In her second season, she played eleven games with a total of 670 minutes of action, with a single goal scored and received two yellow cards. González suffered knee injury in a match against Pachuca, in which she scored her first goal of the tournament, leaving her unable to play for six months.

She was in 2017 at the Telmex Telcel Championship, and in 2018 she was at the Telmex Telcel University Championship, where her team had won.

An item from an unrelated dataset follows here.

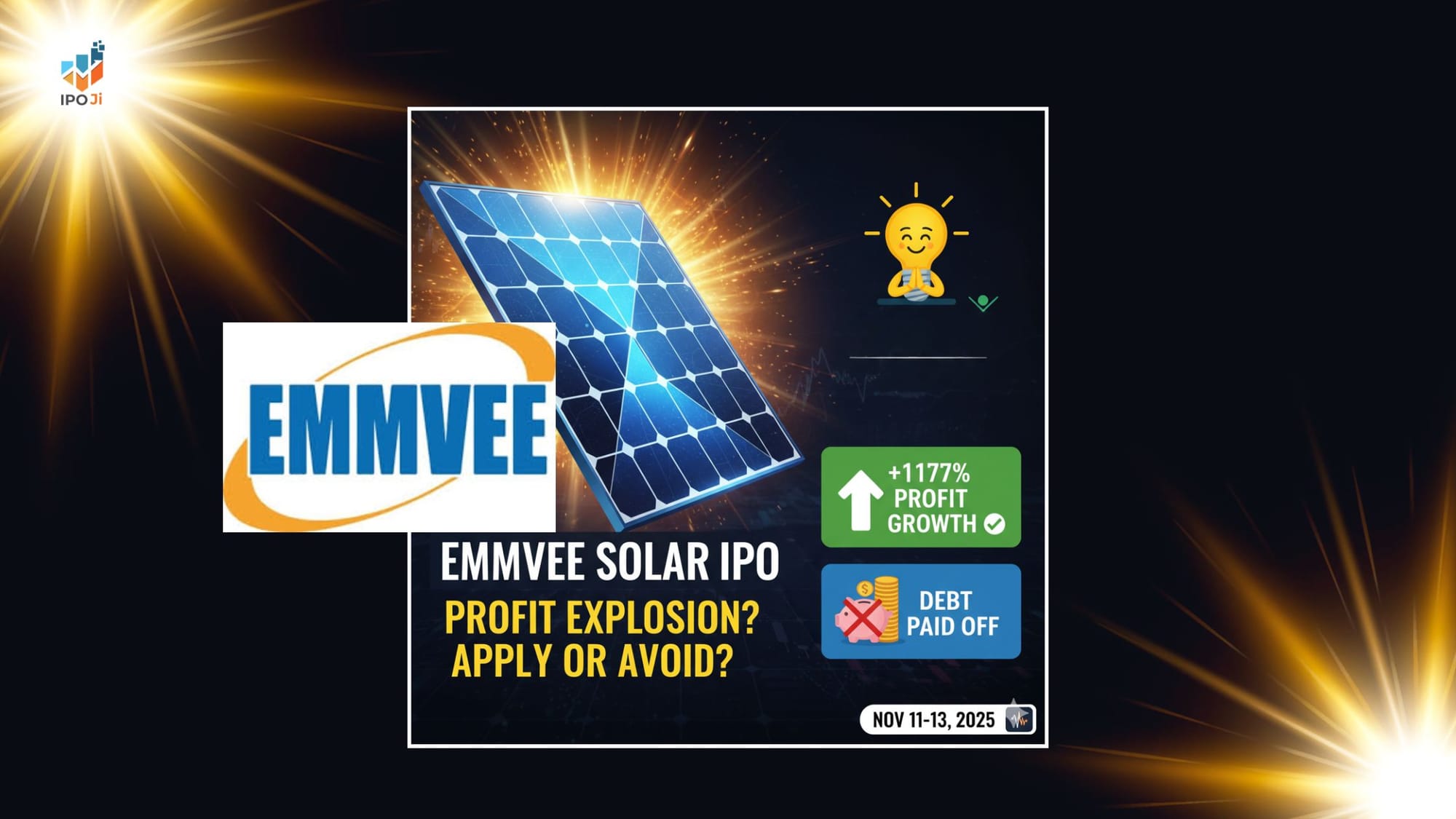 Emmvee Solar IPO: Full Analysis, GMP & 'How to Apply' Guide
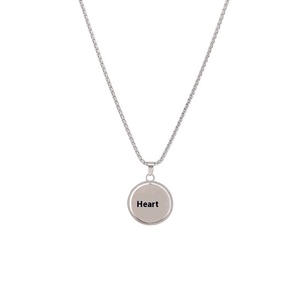 Collar <span class=keywords><strong>de</strong></span> <span class=keywords><strong>Cadena</strong></span> <span class=keywords><strong>de</strong></span> Acero <span class=keywords><strong>de</strong></span> Titanio Combinable con Todo, Estilo Hip-Hop, Personalidad Urbana, Marca <span class=keywords><strong>de</strong></span> Moda, Colgante <span class=keywords><strong>de</strong></span> Aleación para Hombre y Mujer - Product Image 5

After many rumors and expectations in her hometown on 22 September 2017, she was presented by the 2018 opening before the UANL Tigers, however she trained with America looking for a position for a foreigner position in the first team.

==International career==
González represented Mexico at the 2010 FIFA U-17 Women's World Cup.

==Death==
González died on 1 November 2019 due to a decompensation in glucose levels after suffering hypoglycemia, she was 26 years old. She was the first player who had been featured in the Liga MX Femenil to die.